Deep Learning is a sub-field of Machine learning which replicates the human brain’s learning capability, which is learning by example. The method used by deep learning networks is using hierarchical representation to learn abstract representation of any problem.
For example in case of images, the model learns edges in the beginning, after that corners, colour differences, then objects. Deep learning has gained a lot of attention lately as it achieves tremendous results in the different fields it is applied in. Moreover, the first paper describing a Neural Network was published in 1943 where the Warren McCulloch and Walter Pitts defined a model using electrical circuits of how the brain’s neurons work.
Which means that Deep Learning is not a new topic, however, the main reason behind its popularity lately is the increase in processing speed and memory capacity which were one of the main reasons halting Deep Networks from achieving the reputation it has right now. Broken down, Deep Networks are being trained by feeding lots of data to them, and then later on the Network is able to make decisions based on the data it has learned before. This simple idea has lead to a break through in many fields of Image Classification, followed by Text Classification. In Image Classification, Convolutional Neural Networks (CNN) are more used as it makes more sense to use them and they already achieve great results. As for Natural Language Processing (NLP) tasks, the state-of-the-art always differs due to the continuous battle between CNNs and RNNs.
Convolutional neural networks (CNNs) of Deep Learning
One of the main and widely used type of Deep Neural Networks (DNN) is the CNN variation. The CNN was originally created for computer vision, however, due to its hierarchical representation is has shown to be really effective in NLP. Simply a basic CNN takes an input of a fixed size, an image in the case of computer vision and a fixed length number of words in the case of NLP, and performs multiple operations on it in the shape of convolutions and maxpooling to produce the feature space, which is later on fed to a fully connected layer which acts as a classifier for the network.

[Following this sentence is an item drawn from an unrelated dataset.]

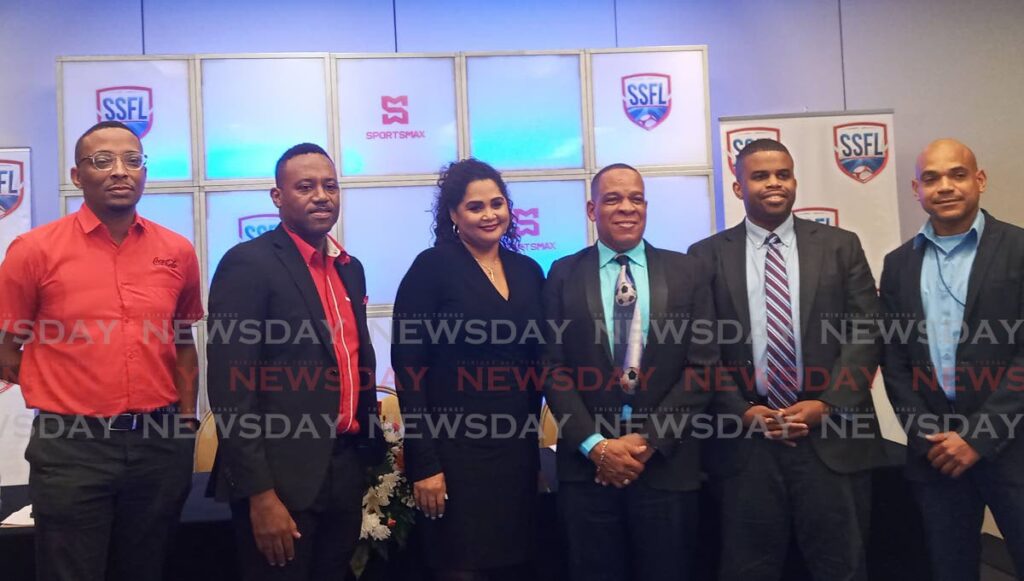 Coca Cola senior brand specialist Anthony Lovelace, from left, SportsMax CEO Nicholas Matthews,  National Gas Company head, communications and brand Nicola Ghouralal, SSFL president Merere Gonzales, Shell regulatory and P&A advisor Leston Davis and Ministry of Sport and Community Development physical education sport officer I Ronson Hackshaw. - Jelani Beckles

The convolutional layer is the basic block of CNN at it basically multiplies the input by weights, and this is done by sliding a mask of learnable weights over the whole input. Moreover, the maxpooling layer reduces the size of the input by only considering the maximum number in a window that slides over the input. Furthermore, this structure of CNN can be seen as a hierarchical structure where the input is multiplied and reduced in several steps until it gradually reaches the output, each of these steps can have a function like detecting edges at the beginning in case of images.
Recursive neural network (RNN) of Deep Learning
A recursive neural network (RNN) is a kind of deep neural network created by applying the same set of weights recursively over a structured input, to produce a structured prediction over variable-size input structures, or a scalar prediction on it, by traversing a given structure in topological order.
RNNs have been successful, for instance, in learning sequence and tree structures in natural language processing, mainly phrase and sentence continuous representations based on word embedding. RNNs have first been introduced to learn distributed representations of structure, such as logical terms.
The choice between CNN and RNN of Deep Learning
Theoretically speaking, CNN is a hierarchical Network and RNN is a sequential Network, meaning that CNN would be better in feature extraction tasks such as sentiment analysis where the sentence can be understood by some key-phrases. On the other hand, RNN would be better in sequence modeling tasks such as Machine Translation as it can capture the sequence or flow of the sentence instead of its features. However, practically this does not hold, as in some datasets CNN may perform better and on other datasets
RNN may be better, even though the classification is on the same task. In addition, even if one of the models outperforms the other, the difference between them is always small, thus, it would be better to bear in mind other factors, like speed of training and that of classification, when choosing between one of the two models.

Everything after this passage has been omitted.